The United States military may have committed lethal “war crimes” against “numerous” civilians, including children, as it ramped up its airstrike campaign against the al-Qaeda affiliate al-Shabaab in Somalia under President Donald Trump’s watch, the human rights group Amnesty International claimed on Wednesday, echoing allegations by the terrorist group and some news outlets.
U.S. Africa Command (AFRICOM) maintained that its airstrikes only target al-Shabaab, stressing that American military operations have killed no civilians. The terrorist group and Amnesty insist that the American airstrikes, carried out by manned aircraft and drones, have indeed killed civilians.
Brian Castner, the senior crisis adviser on arms and military operations at Amnesty International, declared:
The civilian death toll  we’ve uncovered in just a handful [five] of strikes suggests the shroud of secrecy surrounding the US role in Somalia’s war is actually a smokescreen for impunity.
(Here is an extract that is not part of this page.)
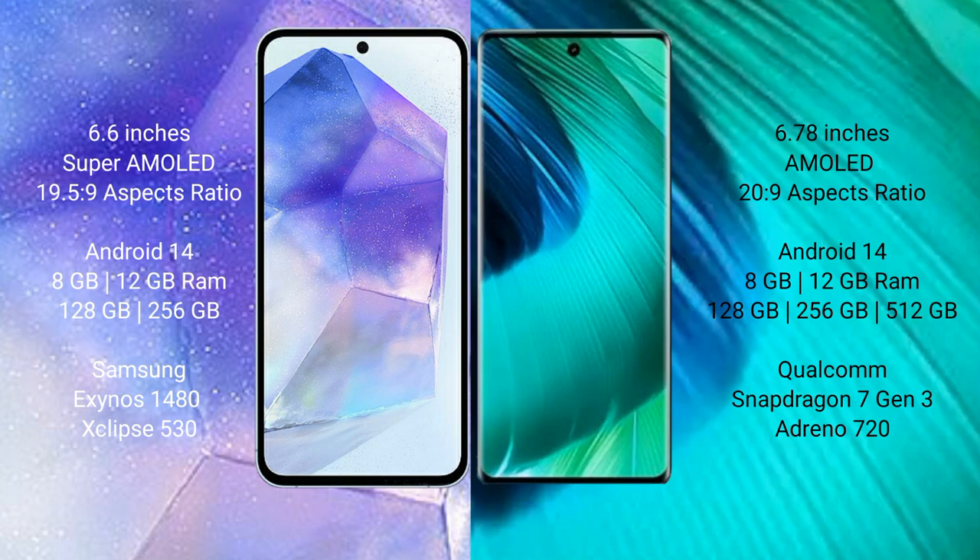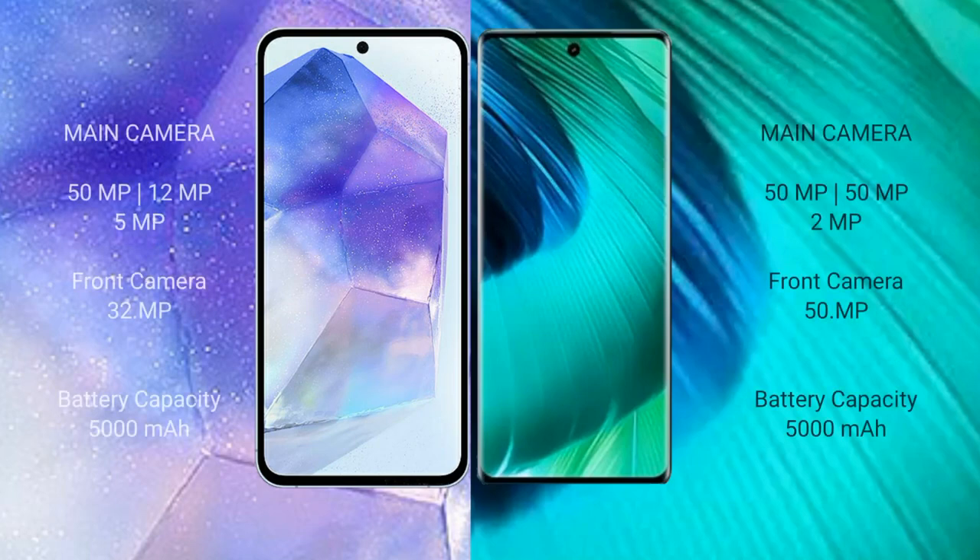Samsung Galaxy A55 offers 128GB and 256GB internal storage with an Exynos chipset. Vivo V30 comes with 8GB and 12GB RAM and 128GB, 256GB, and 512GB internal storage options, powered by the Snapdragon 7 Gen 3 processor with Adreno 720 GPU.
Our findings directly contradict the US military’s mantra of zero civilian casualties in Somalia. That claim seems all the more fanciful when you consider the USA has tripled its air strikes across the country since 2016, outstripping their strikes in Libya and Yemen combined.
In a report titled The Hidden US War in Somalia, Amnesty alleged that five of the more than 100 bombs airdropped on Somalian jihadis in the past two years killed 14 civilians and wounded eight others, including women and children.
The human rights group reported:
Amnesty International uncovered compelling evidence that US air strikes killed a total of 14 civilians and injured eight more, in five attacks that may have violated international humanitarian law and could, in some cases, constitute war crimes.
Reports of more civilian casualties from other strikes could not be sufficiently corroborated for inclusion in the report.
Amnesty reportedly relied on eyewitness testimony, satellite images, and other photographs to reach its conclusion.
“US forces are known to have carried out a further 76 air strikes in Somalia during the period Amnesty International examined, as well as 24 in the first two months of 2019, so the civilian death toll may well be much higher,” it added.
Earlier this month, the New York Times (NYT) recently acknowledged that it could not independently verify claims that U.S. airstrikes in Somalia killed civilians, noting that al-Shabaab “claims regularly that civilians are also killed.”
Amnesty attributed the civilian fatalities in part to the proliferation of U.S. airstrikes in Somalia after commander-in-chief Trump signed an Executive Order (EO) declaring parts of the African country an “area of active hostilities”.
“US forces carried out 34 strikes in Somalia in the last nine months of 2017 – more than in the entire five years from 2012 to 2016. This increased again in 2018, to 47 strikes; and there have already been 24 in the first two months of 2019 alone,” the human rights group emphasized.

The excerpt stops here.